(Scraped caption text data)
_____
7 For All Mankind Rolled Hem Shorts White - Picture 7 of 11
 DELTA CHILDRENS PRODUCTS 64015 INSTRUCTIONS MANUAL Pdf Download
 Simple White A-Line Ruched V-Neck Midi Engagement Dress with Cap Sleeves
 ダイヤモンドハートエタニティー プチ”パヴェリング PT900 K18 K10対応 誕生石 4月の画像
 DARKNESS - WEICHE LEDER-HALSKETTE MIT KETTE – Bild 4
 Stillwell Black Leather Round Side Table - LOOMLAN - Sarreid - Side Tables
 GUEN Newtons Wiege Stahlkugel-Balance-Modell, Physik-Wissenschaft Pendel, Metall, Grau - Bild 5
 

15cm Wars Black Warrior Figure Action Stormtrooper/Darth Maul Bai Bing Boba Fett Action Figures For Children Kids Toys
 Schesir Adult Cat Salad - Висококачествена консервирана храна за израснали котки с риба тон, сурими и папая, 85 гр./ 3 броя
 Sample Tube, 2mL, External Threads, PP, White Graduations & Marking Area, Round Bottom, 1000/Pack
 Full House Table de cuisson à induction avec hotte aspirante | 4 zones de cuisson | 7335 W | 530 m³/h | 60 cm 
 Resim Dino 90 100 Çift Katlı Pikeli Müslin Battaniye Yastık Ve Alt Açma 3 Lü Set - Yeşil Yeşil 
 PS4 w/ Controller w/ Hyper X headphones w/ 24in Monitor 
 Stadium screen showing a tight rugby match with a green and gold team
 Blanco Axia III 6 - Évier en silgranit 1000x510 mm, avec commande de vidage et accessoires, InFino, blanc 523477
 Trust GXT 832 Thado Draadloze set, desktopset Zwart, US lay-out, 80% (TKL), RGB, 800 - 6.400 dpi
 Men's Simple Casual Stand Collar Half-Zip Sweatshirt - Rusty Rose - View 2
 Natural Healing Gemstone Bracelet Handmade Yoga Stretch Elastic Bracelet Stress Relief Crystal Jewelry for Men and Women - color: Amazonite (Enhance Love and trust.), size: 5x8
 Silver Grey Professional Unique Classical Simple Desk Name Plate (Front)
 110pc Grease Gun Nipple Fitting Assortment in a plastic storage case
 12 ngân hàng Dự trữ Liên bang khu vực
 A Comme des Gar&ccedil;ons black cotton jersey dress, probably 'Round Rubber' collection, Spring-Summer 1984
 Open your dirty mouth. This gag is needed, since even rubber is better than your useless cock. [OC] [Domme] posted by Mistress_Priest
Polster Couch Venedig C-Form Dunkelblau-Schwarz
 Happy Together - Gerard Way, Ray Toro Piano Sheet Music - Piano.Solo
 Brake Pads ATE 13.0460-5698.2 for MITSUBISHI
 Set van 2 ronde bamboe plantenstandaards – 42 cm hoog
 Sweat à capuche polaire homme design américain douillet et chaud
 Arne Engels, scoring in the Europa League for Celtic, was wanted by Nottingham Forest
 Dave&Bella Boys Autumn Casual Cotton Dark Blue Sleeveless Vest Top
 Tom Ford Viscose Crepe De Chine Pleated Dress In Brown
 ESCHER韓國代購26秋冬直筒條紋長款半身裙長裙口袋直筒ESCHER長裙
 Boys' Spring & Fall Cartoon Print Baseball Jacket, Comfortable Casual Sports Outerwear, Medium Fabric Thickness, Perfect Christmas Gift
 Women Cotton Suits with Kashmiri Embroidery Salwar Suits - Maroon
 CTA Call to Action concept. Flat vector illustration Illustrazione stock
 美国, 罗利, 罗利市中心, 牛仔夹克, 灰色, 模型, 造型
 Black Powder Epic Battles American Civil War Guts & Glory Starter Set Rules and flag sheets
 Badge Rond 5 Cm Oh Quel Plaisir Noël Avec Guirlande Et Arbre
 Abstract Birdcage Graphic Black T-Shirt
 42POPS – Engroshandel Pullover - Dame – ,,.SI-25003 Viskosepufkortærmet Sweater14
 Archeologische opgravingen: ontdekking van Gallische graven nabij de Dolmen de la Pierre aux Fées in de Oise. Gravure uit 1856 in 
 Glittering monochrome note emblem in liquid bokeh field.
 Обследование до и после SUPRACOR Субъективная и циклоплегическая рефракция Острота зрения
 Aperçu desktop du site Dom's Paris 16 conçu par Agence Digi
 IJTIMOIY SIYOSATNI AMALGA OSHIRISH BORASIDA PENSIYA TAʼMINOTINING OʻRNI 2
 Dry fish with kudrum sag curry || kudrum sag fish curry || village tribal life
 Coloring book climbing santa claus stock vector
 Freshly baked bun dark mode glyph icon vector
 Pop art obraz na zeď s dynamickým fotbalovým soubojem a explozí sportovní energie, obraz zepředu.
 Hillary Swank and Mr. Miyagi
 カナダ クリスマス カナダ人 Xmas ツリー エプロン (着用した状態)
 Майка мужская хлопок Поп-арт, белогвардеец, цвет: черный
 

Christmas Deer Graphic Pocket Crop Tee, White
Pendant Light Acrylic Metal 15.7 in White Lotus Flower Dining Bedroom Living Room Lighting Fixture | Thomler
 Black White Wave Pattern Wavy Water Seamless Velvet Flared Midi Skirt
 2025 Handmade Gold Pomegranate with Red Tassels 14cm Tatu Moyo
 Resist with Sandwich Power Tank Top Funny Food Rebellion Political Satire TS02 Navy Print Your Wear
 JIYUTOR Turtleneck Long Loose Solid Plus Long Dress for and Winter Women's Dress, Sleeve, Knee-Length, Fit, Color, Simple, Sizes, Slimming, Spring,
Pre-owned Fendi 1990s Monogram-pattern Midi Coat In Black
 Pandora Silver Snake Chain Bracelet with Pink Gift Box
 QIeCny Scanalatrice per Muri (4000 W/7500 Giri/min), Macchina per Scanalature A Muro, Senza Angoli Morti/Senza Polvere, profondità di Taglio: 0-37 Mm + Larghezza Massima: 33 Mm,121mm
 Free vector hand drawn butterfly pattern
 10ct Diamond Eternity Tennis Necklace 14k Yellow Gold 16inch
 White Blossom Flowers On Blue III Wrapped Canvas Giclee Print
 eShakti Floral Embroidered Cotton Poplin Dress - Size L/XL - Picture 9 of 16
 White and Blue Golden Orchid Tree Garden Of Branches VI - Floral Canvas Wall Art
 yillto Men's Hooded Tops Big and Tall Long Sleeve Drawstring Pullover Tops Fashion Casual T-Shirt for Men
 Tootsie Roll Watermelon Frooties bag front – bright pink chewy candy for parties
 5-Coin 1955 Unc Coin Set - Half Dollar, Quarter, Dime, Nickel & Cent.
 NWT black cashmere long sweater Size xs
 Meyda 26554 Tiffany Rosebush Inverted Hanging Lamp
_____
Problem requirements ->
Where the word "Print" shows up in a line of the entries above, copy that line.

Response for this exercise ->
 Boys' Spring & Fall Cartoon Print Baseball Jacket, Comfortable Casual Sports Outerwear, Medium Fabric Thickness, Perfect Christmas Gift
 Resist with Sandwich Power Tank Top Funny Food Rebellion Political Satire TS02 Navy Print Your Wear
 White Blossom Flowers On Blue III Wrapped Canvas Giclee Print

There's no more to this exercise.